Feb. 5 (Bloomberg) — Seven devout young men from a long-ago shtetl dance, arms linked, creating an impenetrable wall with their black-clad bodies. Their movement is both angular and sinuous, mirroring Leonard Bernstein’s score, which couples modern dissonance with undulating ethnic references. Suddenly the figures break free, making cryptic, emphatic gestures with their hands, each body now a separate locus of mystery and danger.
This is the opening passage of Jerome Robbins’s “Dybbuk,” revived in its original form by the New York City Ballet. Set in an Orthodox Jewish community in Eastern Europe, this account of possession, exorcism and love beyond the grave — based on S. Ansky’s “The Dybbuk,” a staple of Yiddish theater — premiered in 1974.

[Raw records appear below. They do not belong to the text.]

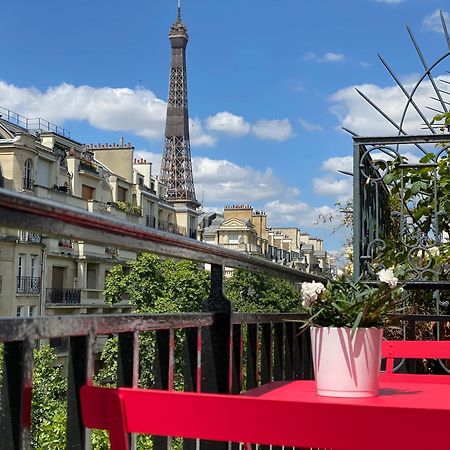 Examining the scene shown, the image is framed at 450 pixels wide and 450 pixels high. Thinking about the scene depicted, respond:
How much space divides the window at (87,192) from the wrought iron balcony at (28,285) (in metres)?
5.72

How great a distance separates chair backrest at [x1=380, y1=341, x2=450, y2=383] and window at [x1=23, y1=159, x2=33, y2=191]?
33939mm

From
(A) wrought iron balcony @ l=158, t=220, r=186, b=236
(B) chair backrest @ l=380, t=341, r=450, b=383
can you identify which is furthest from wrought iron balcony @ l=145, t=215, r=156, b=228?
(B) chair backrest @ l=380, t=341, r=450, b=383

Back then the ballet received a lukewarm reception, and Robbins himself was dissatisfied with it. Several revisions that made the piece more abstract were no better. The return to the original, reconstructed by Jean-Pierre Frohlich and Elyse Borne, who danced in the first production, proves that this ballet needs as much story as it can get. Even so, the choreography is no more than a series of vignettes — as vivid and incomplete as stained-glass church windows that illustrate the high points of dramatic Biblical tales.
Body Snatcher
In Ansky’s 1914 drama, Chanon, an impoverished religious scholar, and Leah have been promised to each other by their fathers before they were born. But when Leah is ready to marry, her father chooses a richer husband for her. To reclaim his promised bride, Chanon explores the treacherous mystical world of the cabala and dies as a result. His spirit — the dybbuk — invades Leah’s body; the community exorcises it, at the price of Leah’s life. Destined for each other, the lovers are united after death.

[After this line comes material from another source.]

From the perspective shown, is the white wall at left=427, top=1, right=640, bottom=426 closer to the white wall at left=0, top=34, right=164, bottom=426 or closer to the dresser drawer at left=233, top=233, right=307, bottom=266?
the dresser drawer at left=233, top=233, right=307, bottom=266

Without connection to these characters and events, the ballet would be indecipherable. There’s plenty to praise in Robbins’s stark, strange male solos and the male septet that opens the piece, asserting the implacable power of the community’s obsessions, along with their opposite, a dulcet folksy number for Leah and her girlfriends.

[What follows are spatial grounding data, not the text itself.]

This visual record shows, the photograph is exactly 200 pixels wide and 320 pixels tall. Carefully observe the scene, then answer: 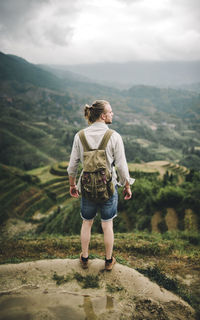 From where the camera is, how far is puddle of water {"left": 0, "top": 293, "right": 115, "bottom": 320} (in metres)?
2.29

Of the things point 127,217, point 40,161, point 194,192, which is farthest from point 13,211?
point 40,161

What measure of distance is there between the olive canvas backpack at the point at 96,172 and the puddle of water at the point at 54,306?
131cm

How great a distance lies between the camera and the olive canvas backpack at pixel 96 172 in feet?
8.71

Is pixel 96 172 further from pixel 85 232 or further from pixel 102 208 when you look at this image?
pixel 85 232

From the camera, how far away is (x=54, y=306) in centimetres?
245

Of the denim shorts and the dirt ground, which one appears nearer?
the dirt ground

Most striking is the long duet in which Chanon, now a dybbuk, possesses his beloved’s body, first violently, countering her resistance, then with her utter compliance. Robbins makes it clear that this is, in a sense, their wedding night. The fact that much of the choreography has a cabala-on- Broadway sheen just reconfirms where Robbins’s immense talent was most at home.
Turbulent Emotions
The entire cast performed with devotion, Benjamin Millepied working extra-hard to blend technical strength with the turbulent emotions besetting Chanon. Jenifer Ringer, all reticent lyricism, made an exquisitely pure, delicate Leah. “Dybbuk” is in no way a major ballet, but it has given her one of the best roles she’s ever had.